> **EXERCISE DIRECTIONS**
In the entries below, find the line with "配合社区干部到辖区药店开展检查", then set it down exactly along with each line after it to the end, skipping any pictures.

> **Data extracted from a collection**
· · · · · · ·

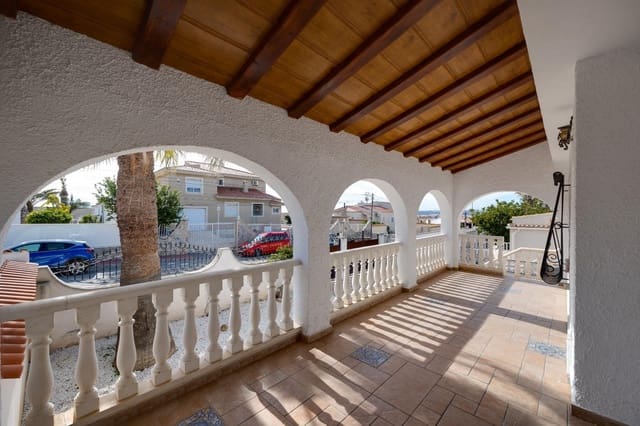4 camera da letto Villa in vendita in El Chaparral, Torrevieja con piscina - 359.900 € (Rif: 9619503)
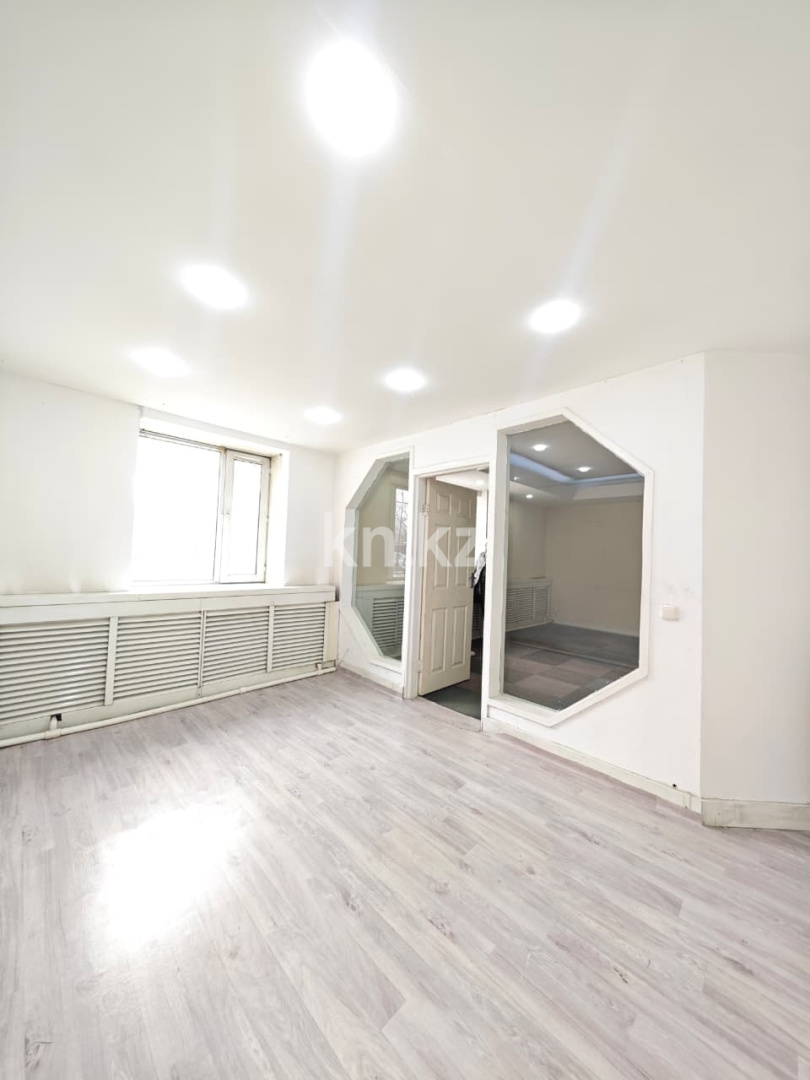 Аренда 4-комнатного дома, 105 м², ул. Сатпаева, дом  6 - Аренда домов в Караганде фото 1 из 19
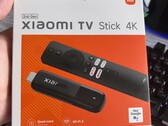Xiaomi TV Stick 4K (2nd Gen) во плоти. (Источник изображения: Aliexpress)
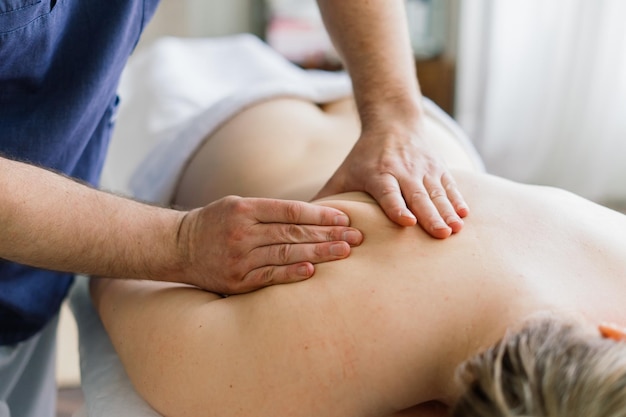 Jovem gorda recebendo tratamento de massagem no gabinete de spa diurno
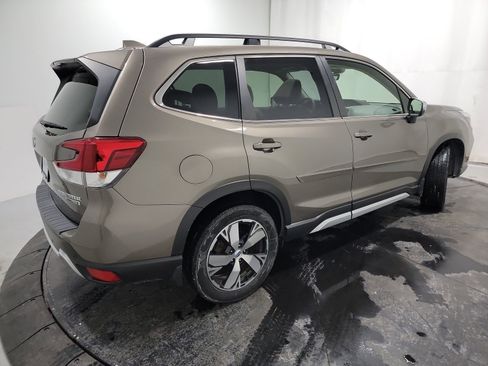 Used 2020 Subaru Forester Touring image 9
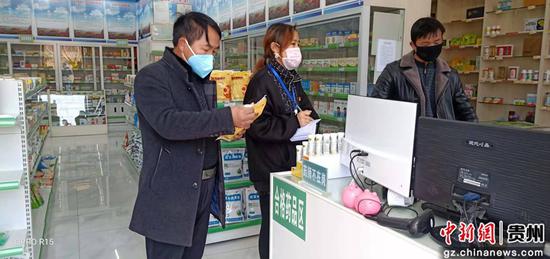 配合社区干部到辖区药店开展检查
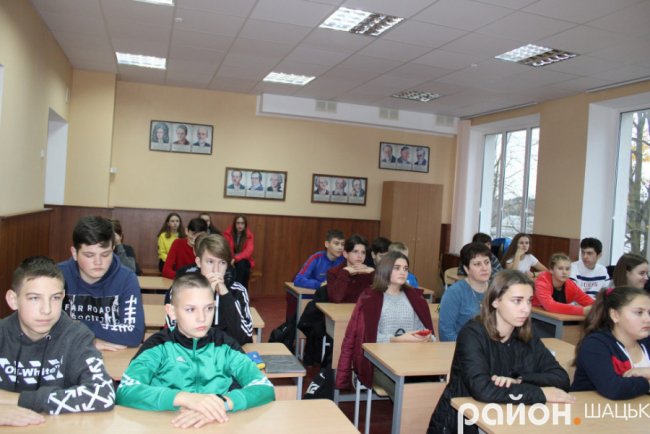 Шацькі школярі вшанували пам'ять героїв Революції Гідності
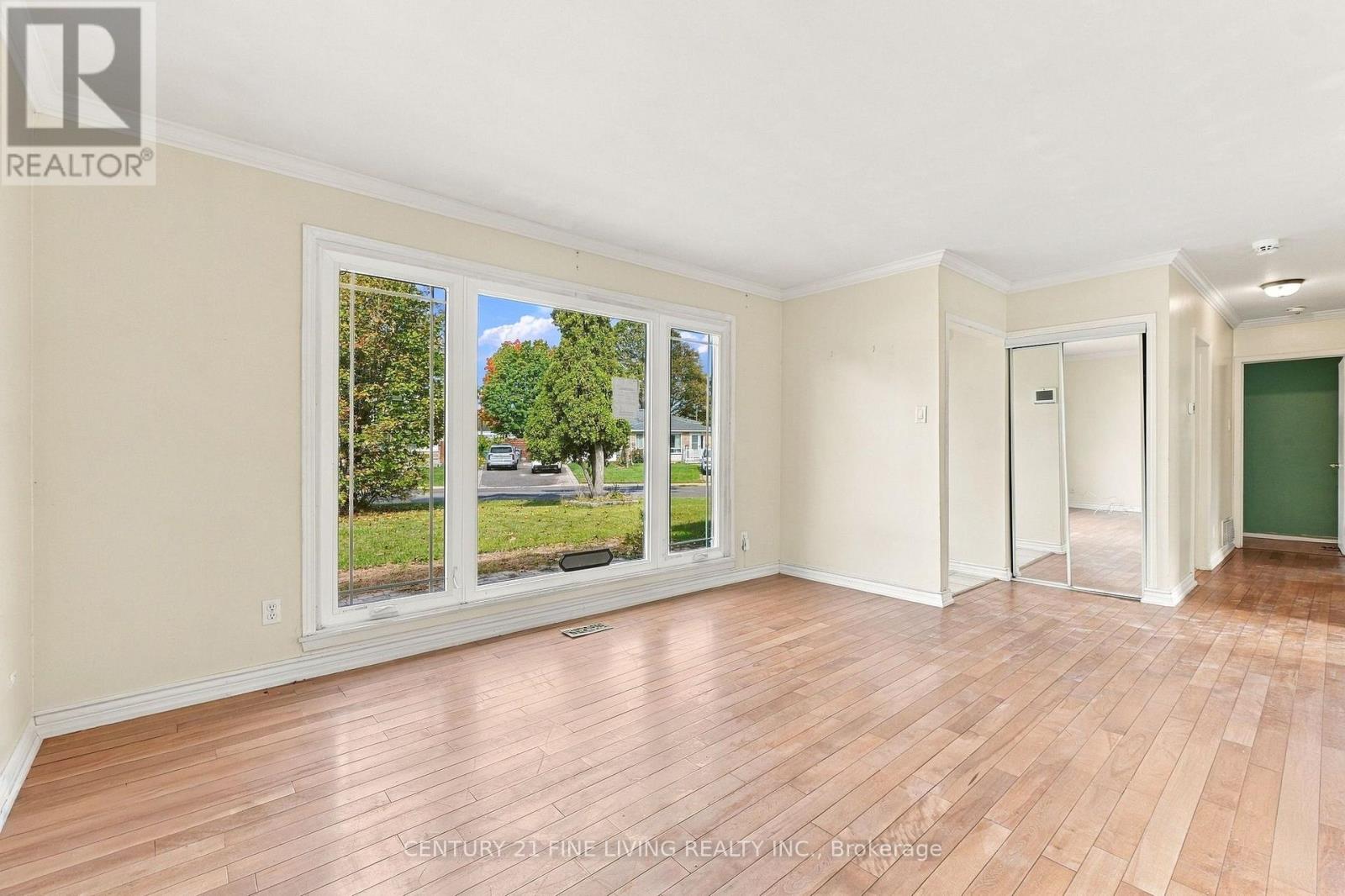 132 Brentwood Drive, Brampton, Ontario  L6T 1R2 - Photo 8 - W13878728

· · · · · · ·

> **WRITTEN ANSWER**
 配合社区干部到辖区药店开展检查
 Шацькі школярі вшанували пам'ять героїв Революції Гідності
 132 Brentwood Drive, Brampton, Ontario  L6T 1R2 - Photo 8 - W13878728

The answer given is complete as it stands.